As shown in FIG. 4E, when the virtual object 430 is displayed at the placement location relative to the local shared origin in the physical environment 400, the content of the virtual object 430 is visible to and/or interactive to the first user 402, the second user 404, and the third user 406 via their respective electronic devices. For example, as indicated by the pill 432 associated with the virtual object 430, the virtual object 430 is shared in the multi-user communication session (e.g., the virtual object 430 corresponds to a shared object as previously discussed herein).
In some examples, if a new collocated user (e.g., a fourth user of a fourth electronic device) joins the multi-user communication session that includes the first user 402, the second user 404, and the third user 406, the electronic device associated with the new user (e.g., the fourth electronic device) may sync to the local shared origin in the physical environment 400 previously coordinated by the electronic devices 101a/101b/101c in the multi-user communication session (e.g., and the display of the virtual object 430 is therefore maintained at the same location and/or orientation relative to the local shared origin as illustrated in FIG. 4E).
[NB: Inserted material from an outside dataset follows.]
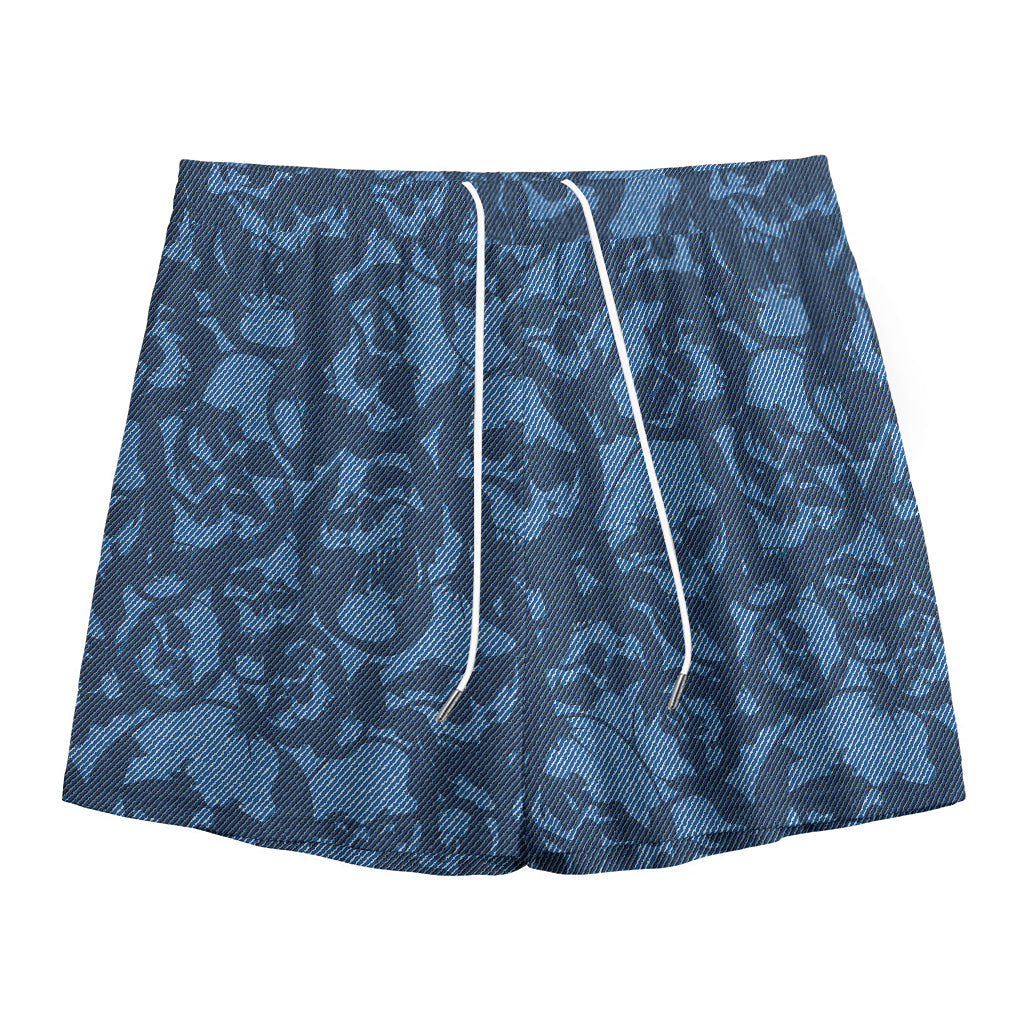 Skull Denim Jeans Pattern Print Mesh Shorts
Alternatively, in some examples, the first electronic device 101a, the second electronic device 101b, the third electronic device 101c, and the new fourth electronic device in the multi-user communication session coordinate to select a new/updated local shared origin in the physical environment 400, optionally by conducting a similar approach as above (e.g., utilizing the origins already known in the physical environment 400) to synchronize the understanding of the position and orientation of the fourth electronic device in the physical environment 400.
Further interactions with the virtual object 430, such as movement and/or rotation of the virtual object 430, performed in response to user input and/or the display of additional or alternative shared virtual objects in the shared three-dimensional environment are therefore also conducted using the local shared origin as a reference, enabling the first user 402, the second user 404, and the third user 406 to experience spatial truth within the multi-user communication session, which advantageously facilitates improved user experience and user perception of the virtual content, as discussed below.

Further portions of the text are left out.